Plus qu’un arc de triomphe monumental, les silos de Beyrouth avaient la majesté d’une Porte de l’Orient baignée par la Méditerranée, au pied du Mont-Liban. Ils accueillaient le regard du voyageur en mer comme la Porte des Indes de Bombay. Deux ans après l’explosion sur le port de Beyrouth, en ce 4 août 2022, les silos brûlent encore comme fournaise en enfer, et s’effondrent en lambeaux. Le supplice de la ville de Beyrouth et du peuple du Liban n’est pas près de se terminer.

Le spectacle est saisissant. Depuis de nombreuses semaines, on voit de temps en temps des petits foyers s’allumer à la base des silos du port. En pleine lumière du jour, ce ne sont que fumerolles rappelant celles du volcan des champs Phlégréens près de Naples. Mais, dès la tombée du jour, une vision infernale se précise. Les fumerolles deviennent de puissantes flammes d’incendies multiples qui éclairent le ciel nocturne des lueurs de la mort.  On voit, à travers les fissures et les béances des grands silos, la fournaise qui embrase l’intérieur des piliers géants. La vision est encore plus saisissante que les peintures fantastiques de Jérôme Bosch. Ce qui fut le grenier du Liban ressemble aujourd’hui à une méga-chaudière où brûlent des milliers de tonnes de céréales, vitales pour une population qui manque de pain.

On se souviendra de la déclaration du ministre de la santé en août 2020, qualifiant le crime de l’explosion sur le Port, comme relevant de " l’impondérable du destin " (qada’a wa qadar).

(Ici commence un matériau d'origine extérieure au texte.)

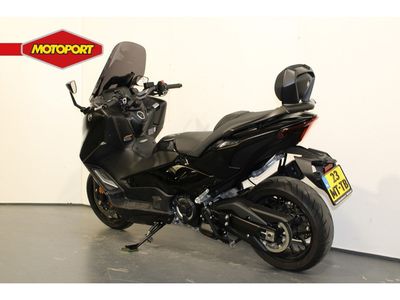 YAMAHA TMAX TECH MAX 560 – foto 4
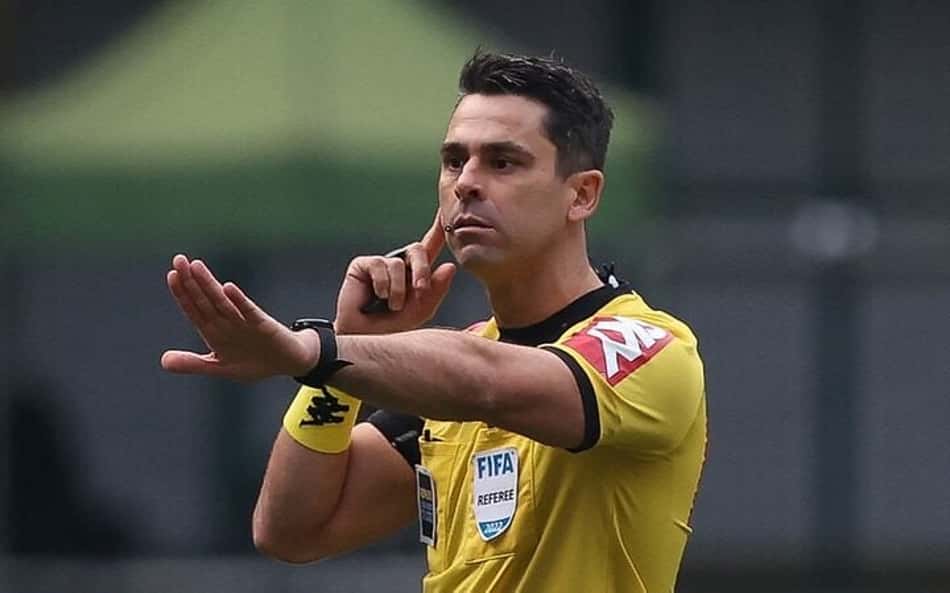 Decisão da arbitragem em Cruzeiro x Atlético-MG causa revolta: 'Inacreditável'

Qu’aurait pu dire d’autre cet éminent membre du Hezbollah dont le secrétaire général vient de déclarer, il y a quelques jours, que nul ne pouvait lui servir de contradicteur puisqu’il est mandaté par Dieu lui-même, en vertu de son appartenance à la ligne de commandement et de pouvoir qui part du Créateur et descend sur terre à travers le vicariat du jurisconsulte (wilayat al faqih), selon la doctrine politique de la révolution islamique d’Iran. Certains ont qualifié de tels propos comme venant d’un esprit perturbé par l’exaltation religieuse. Ils se trompent lourdement. Hassan Nasrallah croit sincèrement en ses propres convictions. Nous ne répéterons jamais assez que le Hezbollah et tout le régime des mollahs iraniens, ne sont point des organisations politiques séculières. Ils sont au-delà de ce monde. Leur raison d’être ainsi que leur finalité sont d’ordre métaphysique. Leur projet est eschatologique. Ils sont les instruments de Dieu lui-même, à travers son Imam qui advient. Ils n’ont que faire de la vulgaire règle du droit ou des méprisables lois humaines, voire de toute structure étatique particulière. Leur horizon englobe tout l’espace du monde. Que peut donc signifier un état-nation minuscule comme le Liban au regard d’une vision aussi grandiose ? Par définition, le jurisconsulte iranien, vicaire de l’Imam occulté, lui-même reflet de l’ombre de Dieu, est reconnu comme étant infaillible dans tout ce qu’il dit et impeccable dans tout ce qu’il fait. Il ne se trompe jamais et toute action émanant de lui est par nature indemne de tout attribut d’acte fautif. Dès lors, on voit mal ce que viendrait faire la justice humaine dans les activités des bras armés de Dieu. Que nul ne s’en approche et que le lieu du crime se consume dans les flammes de l’enfer et ne laisse aucune trace. C’est tout ce à quoi on pourrait penser en regardant, le soir venu, la bouche béante de l’enfer que les décombres ont creusée dans la paroi des silos géants.

Vous souhaitez la vérité ? Qui donc est en mesure de vous la fournir ? La justice du Liban ? Il faut d’abord disposer de vrais magistrats et non de vulgaires palefreniers de minables chefferies politiques. La caste politico-mafieuse avait, dans les heures qui avaient suivi l’explosion, exclu tout recours à une commission d’enquête internationale. Aujourd’hui, elle s’acharne contre le juge chargé de l’enquête par la Haute Cour. L’entrave à la justice est un crime aussi grave que les faits eux-mêmes.

L’opinion publique ne sait plus dans quelle direction regarder. Faut-il démolir ces silos-fournaises ? Le bon sens dit oui. L’émotion et la perception symbolique disent non au titre de la préseervation de la mémoire du crime. Sans doute la meilleure des solutions serait l’érection, sur le site du crime, d’une stèle géante commémorant pour les générations futures les noms des responsables de la ruine du Liban et du démantèlement de son état et de sa société. Au sommet de la stèle, il y a lieu d’inscrire le nom de l’envoyé de Dieu, le secrétaire général du Hezbollah. Puis, sous lui, tout le reste depuis le chef de l’état jusqu’au dernier homme politique ayant exercé des responsabilités durant ces deux dernières décennies. À défaut de jeter les criminels dans les flammes des silos, on pourra toujours maudire leur mémoire de génération en génération au pied de la stèle. Les juifs ont leur mur des lamentations. Le peuple libanais, victime de sa propre mafia politique, mérite bien une stèle de damnation de la mémoire de ceux qui l’ont pillé, ruiné, tué, meurtri.

Si Dieu, dans sa miséricorde infinie, accepte d’épargner à l’engeance politico-mafieuse les affres de l’enfer pour ses crimes, c’est son affaire. Mais les hommes, victimes de cette lie de l’humanité, ne doivent pas oublier et doivent entretenir les flammes du souvenir. Le pardon humain se donne et se reçoit à condition de le demander. Les crapules n’ont pas encore fait repentance. Que justice soit faite et qu’ils reçoivent le châtiment qui s’impose.